Staking Crypto Yields in Top 35 Cryptocurrencies Hit Historic Low


Staking crypto
Declining staking yields and rising stake rates stir questions about the long-term viability of staking crypto. Image by Sweeann, Adobe Stock.

As proof of stake networks see a surge in stake rates, a consequent plummet in staking yields is concerning investors and market watchers. According to a third-quarter report from Staked, a subsidiary of the Kraken exchange, the average staking yield for the top 35 stakable cryptocurrencies has dwindled to a record-breaking low. Staking crypto has often been touted as a way to generate passive income, but the declining yields have raised questions about its long-term viability and potential regulatory implications.

The Metrics That Baffle the Market

The average staking yield across proof of stake networks has sagged to a meager 10.2%, attributed to a rising average stake rate of 52.4% among investors. Ethereum, the largest network that employs proof of stake, displayed a particularly noticeable drop.
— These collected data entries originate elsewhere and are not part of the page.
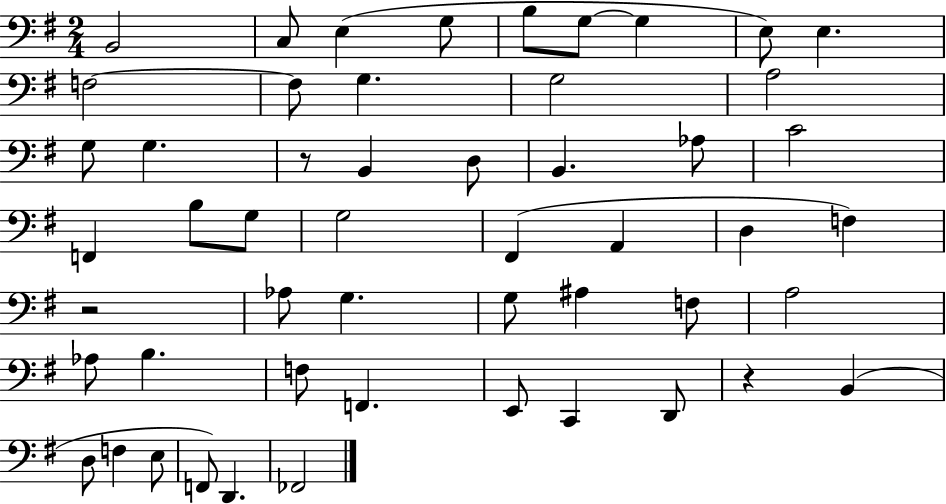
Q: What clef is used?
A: bass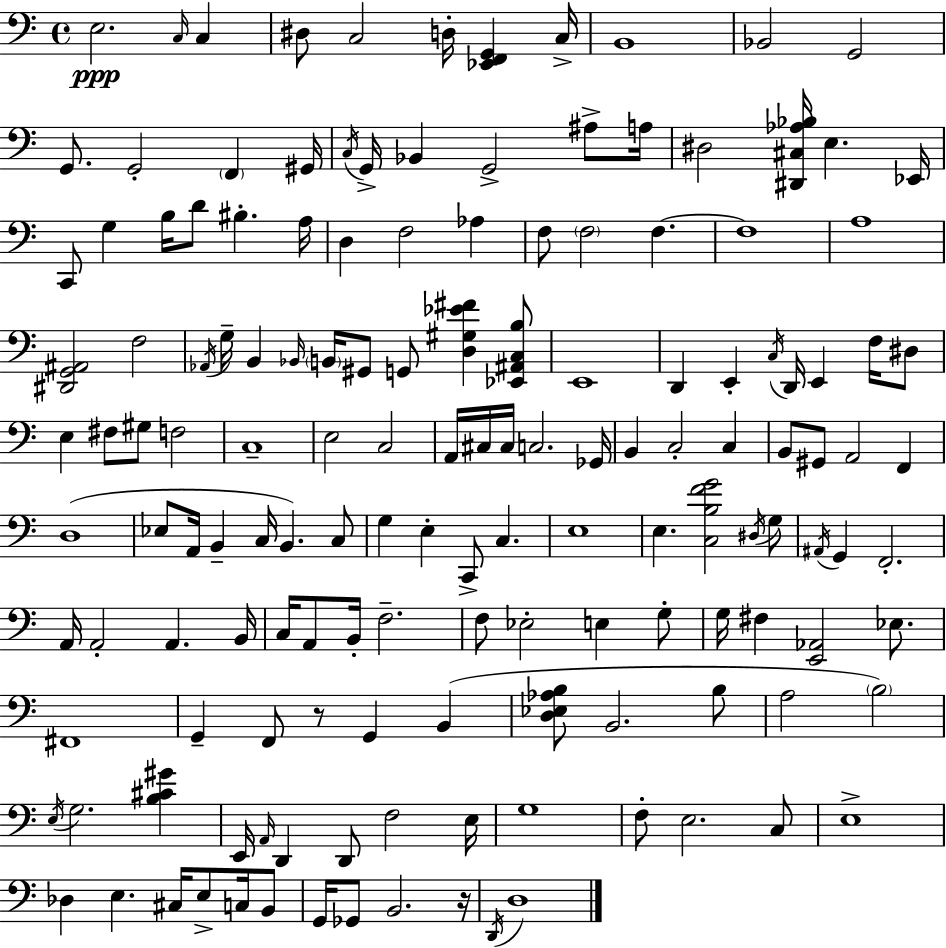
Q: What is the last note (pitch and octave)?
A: D3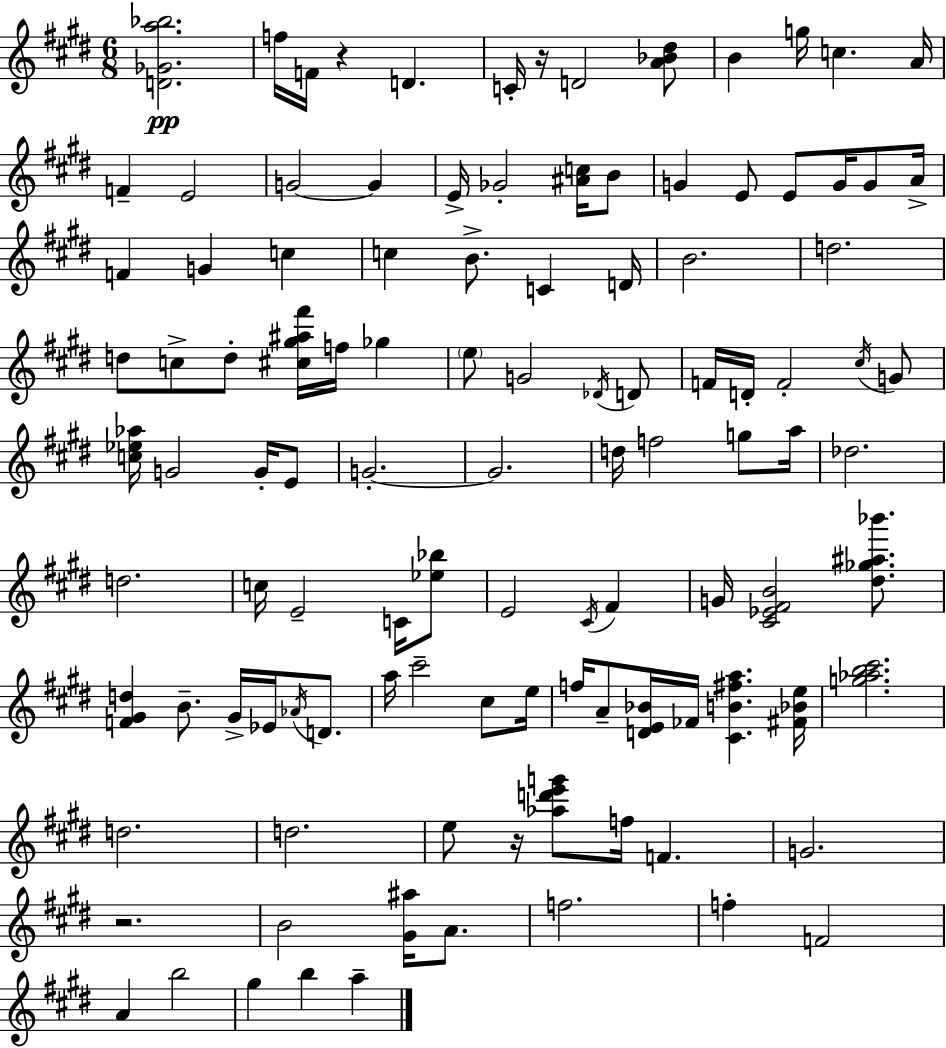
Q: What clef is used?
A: treble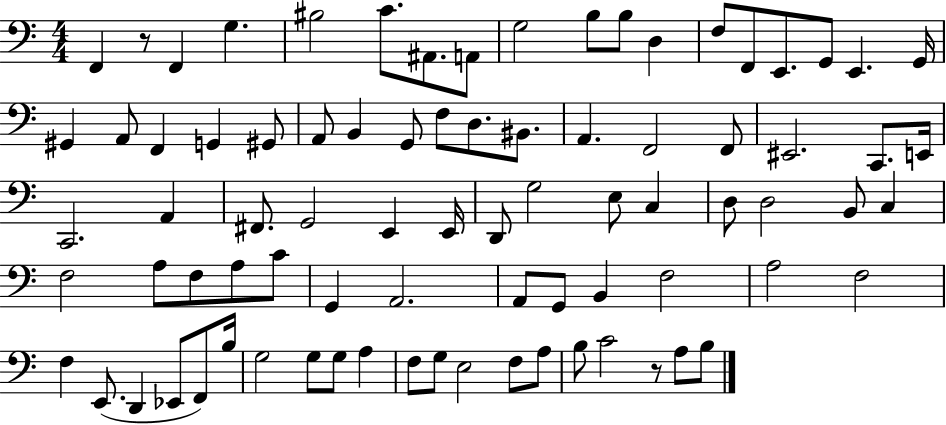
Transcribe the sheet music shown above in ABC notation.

X:1
T:Untitled
M:4/4
L:1/4
K:C
F,, z/2 F,, G, ^B,2 C/2 ^A,,/2 A,,/2 G,2 B,/2 B,/2 D, F,/2 F,,/2 E,,/2 G,,/2 E,, G,,/4 ^G,, A,,/2 F,, G,, ^G,,/2 A,,/2 B,, G,,/2 F,/2 D,/2 ^B,,/2 A,, F,,2 F,,/2 ^E,,2 C,,/2 E,,/4 C,,2 A,, ^F,,/2 G,,2 E,, E,,/4 D,,/2 G,2 E,/2 C, D,/2 D,2 B,,/2 C, F,2 A,/2 F,/2 A,/2 C/2 G,, A,,2 A,,/2 G,,/2 B,, F,2 A,2 F,2 F, E,,/2 D,, _E,,/2 F,,/2 B,/4 G,2 G,/2 G,/2 A, F,/2 G,/2 E,2 F,/2 A,/2 B,/2 C2 z/2 A,/2 B,/2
Its Consensus layer yield sank to 3.2%, and the total supply of staked assets in the network rose to an unprecedented 22%. As for Ethereum’s Execution layer, it plummeted to a mere 1.3%.

Staking crypto
Market Capitalizations, CoinGecko.

“The combination of a high stake rate, and transaction activity shifting from Mainnet (L1) to the various Ethereum Layer 2 networks (L2), resulted in a Q3 staking yield of 4.5%, ETH’s lowest on record,” the report stated.

Why Staking Crypto Yields Matter

Staking crypto

is not just a method for investors to earn; it also forms a crucial part of the blockchain ecosystem. Staking enhances the network’s overall security and stability by locking a certain amount of cryptocurrency for a specific period.
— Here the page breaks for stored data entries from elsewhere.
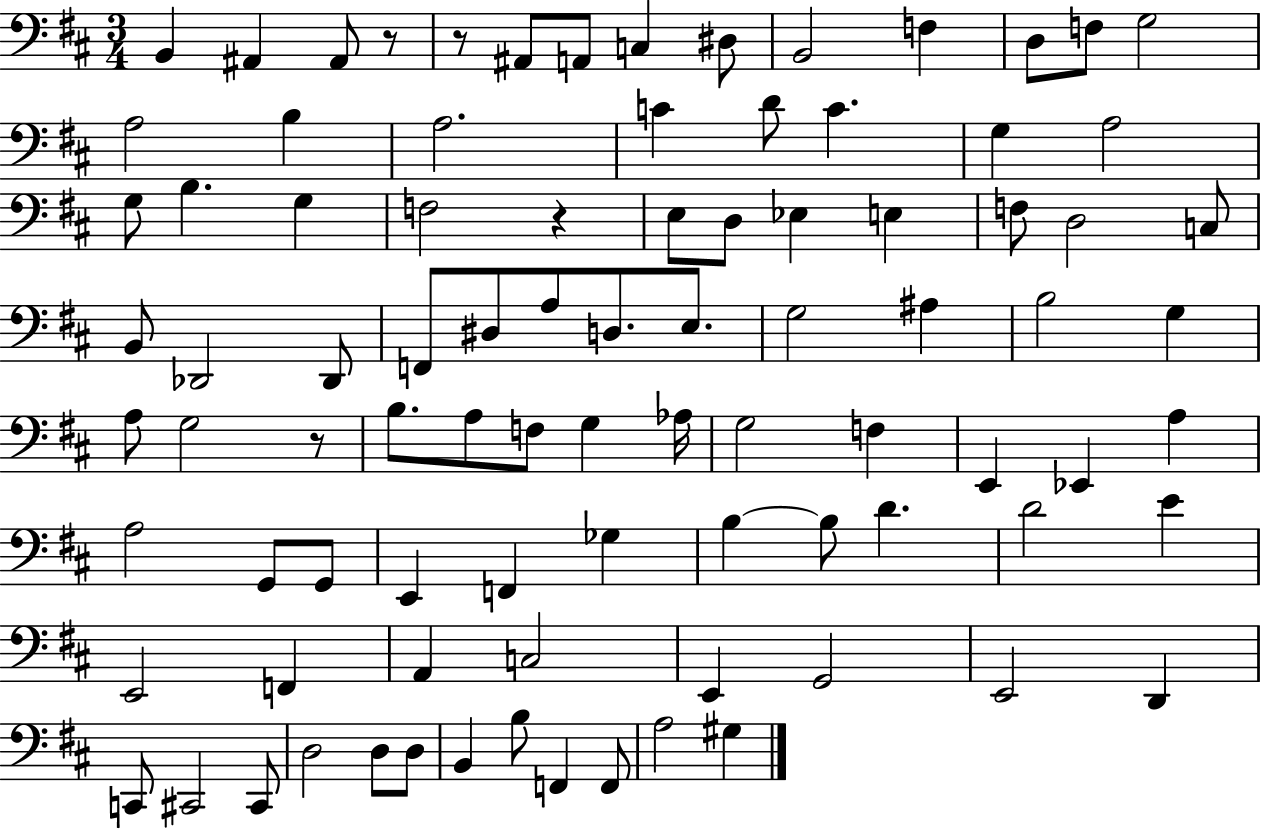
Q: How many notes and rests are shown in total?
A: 90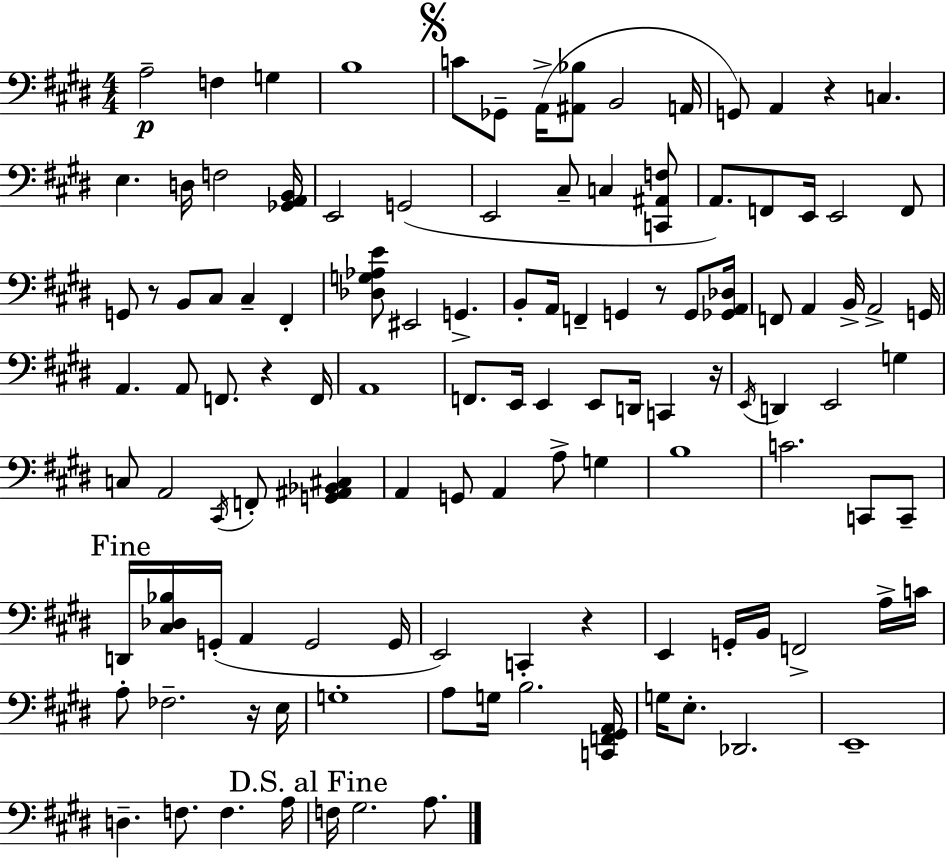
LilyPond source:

{
  \clef bass
  \numericTimeSignature
  \time 4/4
  \key e \major
  a2--\p f4 g4 | b1 | \mark \markup { \musicglyph "scripts.segno" } c'8 ges,8-- a,16->( <ais, bes>8 b,2 a,16 | g,8) a,4 r4 c4. | \break e4. d16 f2 <ges, a, b,>16 | e,2 g,2( | e,2 cis8-- c4 <c, ais, f>8 | a,8.) f,8 e,16 e,2 f,8 | \break g,8 r8 b,8 cis8 cis4-- fis,4-. | <des g aes e'>8 eis,2 g,4.-> | b,8-. a,16 f,4-- g,4 r8 g,8 <ges, a, des>16 | f,8 a,4 b,16-> a,2-> g,16 | \break a,4. a,8 f,8. r4 f,16 | a,1 | f,8. e,16 e,4 e,8 d,16 c,4 r16 | \acciaccatura { e,16 } d,4 e,2 g4 | \break c8 a,2 \acciaccatura { cis,16 } f,8-. <g, ais, bes, cis>4 | a,4 g,8 a,4 a8-> g4 | b1 | c'2. c,8 | \break c,8-- \mark "Fine" d,16 <cis des bes>16 g,16-.( a,4 g,2 | g,16 e,2) c,4-. r4 | e,4 g,16-. b,16 f,2-> | a16-> c'16 a8-. fes2.-- | \break r16 e16 g1-. | a8 g16 b2. | <c, f, gis, a,>16 g16 e8.-. des,2. | e,1-- | \break d4.-- f8. f4. | a16 \mark "D.S. al Fine" f16 gis2. a8. | \bar "|."
}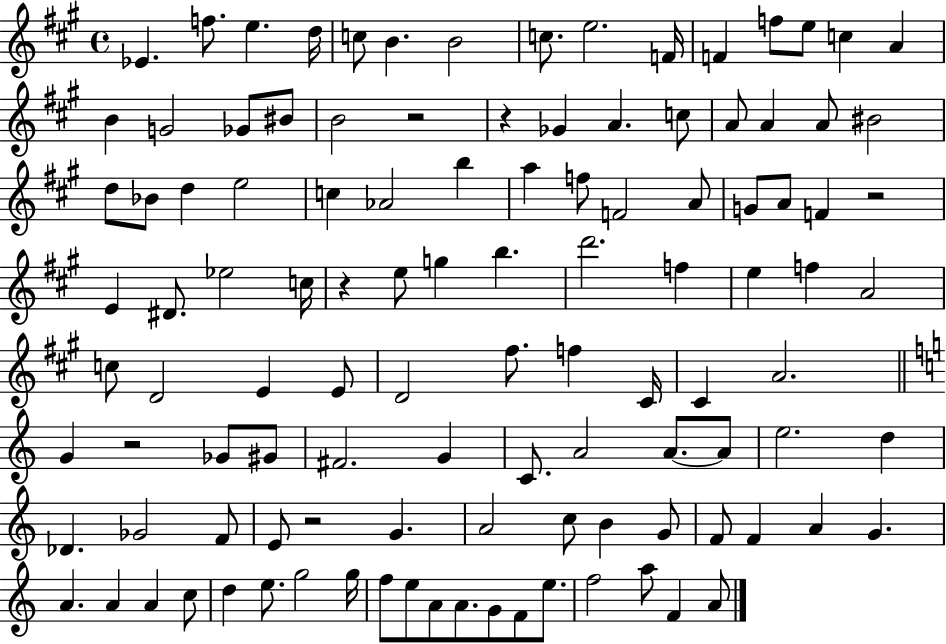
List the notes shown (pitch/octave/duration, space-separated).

Eb4/q. F5/e. E5/q. D5/s C5/e B4/q. B4/h C5/e. E5/h. F4/s F4/q F5/e E5/e C5/q A4/q B4/q G4/h Gb4/e BIS4/e B4/h R/h R/q Gb4/q A4/q. C5/e A4/e A4/q A4/e BIS4/h D5/e Bb4/e D5/q E5/h C5/q Ab4/h B5/q A5/q F5/e F4/h A4/e G4/e A4/e F4/q R/h E4/q D#4/e. Eb5/h C5/s R/q E5/e G5/q B5/q. D6/h. F5/q E5/q F5/q A4/h C5/e D4/h E4/q E4/e D4/h F#5/e. F5/q C#4/s C#4/q A4/h. G4/q R/h Gb4/e G#4/e F#4/h. G4/q C4/e. A4/h A4/e. A4/e E5/h. D5/q Db4/q. Gb4/h F4/e E4/e R/h G4/q. A4/h C5/e B4/q G4/e F4/e F4/q A4/q G4/q. A4/q. A4/q A4/q C5/e D5/q E5/e. G5/h G5/s F5/e E5/e A4/e A4/e. G4/e F4/e E5/e. F5/h A5/e F4/q A4/e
As staking yields decline, the attractiveness of this type of investment could wane. Even with its bankruptcy proceedings, FTX staked $150 million in Ethereum and Solana tokens, a move with a goal of generating additional revenue to compensate its clients, highlighting the draw that staking crypto has had even for institutional players.

Regulatory Attention and Its Effects

Staking activities haven’t escaped regulatory notice. In February, the U.S. Securities and Exchange Commission (SEC) slapped Kraken with a $30 million fine for failing to register its staking product as a securities offering. Additionally, the SEC’s ongoing legal action against Coinbase has also categorized staking as securities. This heightened regulatory scrutiny could be a factor influencing the staking yields and stake rates in the market, as companies might become more cautious in offering such services.

While the decline in staking yields has been a steady trend since peaking at 15.4% in March of last year, Polkadot and Cosmos stand as outliers, currently offering yields higher than 7.5%. These exceptions aside, the downward trajectory of staking yields and the complexities introduced by regulatory oversight present an evolving challenge for both individual investors and the broader cryptocurrency market.

The diminishing returns from staking in the cryptocurrency market signal a maturing, yet increasingly complicated, investment landscape. As the market adjusts to new norms, both individual and institutional investors are faced with recalibrating their expectations and strategies. The decline in staking yields is not an isolated issue; it intersects with broader themes of market saturation, technological shifts, and regulatory scrutiny.